Soon after, Mr Dan Hendrix takes the podium and delivers a powerful speech. “… We at The World Trade Center Arkansas are on a revolutionary mission today – A mission of union to bring two partners together for mutual peace and prosperity through trade. We are living in a historic time. We are part of history not just spectators. This is a time where we will look back with pride and tell the next generation “I was part of this!”. Cuba has a partner in The World Trade Center Arkansas. To that extent, we have fully committed to bring the best of two worlds together. “Lo Mejor de Dos Mundos”. Our goal this week is to make significant and tangible progress to increase trade between Arkansas and Cuba through these meetings. I know we will leave this week with solid agreements that will continue the privileged relationship that we cherish so much between Arkansas and Cuba.”
At that time, it became evident, this was certainly a historic moment and that speech was a testament to what was to come. During the next few hours, the delegation from Arkansas and Cuba sat down and discussed agriculture, business, education, and trade in a very friendly manner, testament to the privileged position Arkansas has in Cuba and vice-versa.
During the next few days, the Arkansas delegation visited the Special Economic Development Zone of Mariel, farm coops, academic institutions, trade ministries, industrial ministries, agricultural and scientific research institutes.

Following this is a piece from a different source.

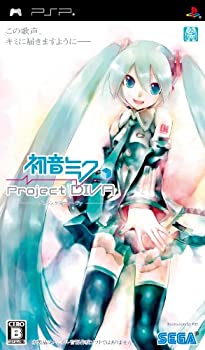 【中古】初音ミク -プロジェクト ディーヴァ-(特典なし) - PSP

The visit was described by Mr. Torres from the World Trade Center Arkansas as one that will “… create a long lasting relationship that will help both Cuba and Arkansas now and in the future. Relations between both are very strong and have never been better. We feel privileged to be part of uniting the best of both worlds. We had a very productive visit and anticipate discussions will continue to strengthen that relationship.” “We had powerful leaders in their industry from the University of Arkansas receiving MOU’s for their review. Government officials like The Arkansas Secretary of Agriculture Wes Ward visiting agricultural coops and learning more about cooperatives. Business giants from Arkansas discussing details of potential agreements within the manufacturing industry. Consumer Goods moguls talking to multiple companies and government agencies about options and possibilities for investment and trade. Agriculture giants and top education experts discussing areas of interest and synergy. Nonprofit organizations discussing renewable energy and other areas of human interest. This is a historic moment without a doubt…”.
Mr. Torres continued by saying “Cuba is the largest consumer of Rice in the region. Arkansas is the largest producer of rice in the United States. Cuba is the largest consumer of poultry in the region, Arkansas is amongst the top producers of poultry in the US. There are obvious synergies between both. The time is now, the place is here. There is only one thing between the best of both worlds, a 60-year-old Embargo against Cuba.”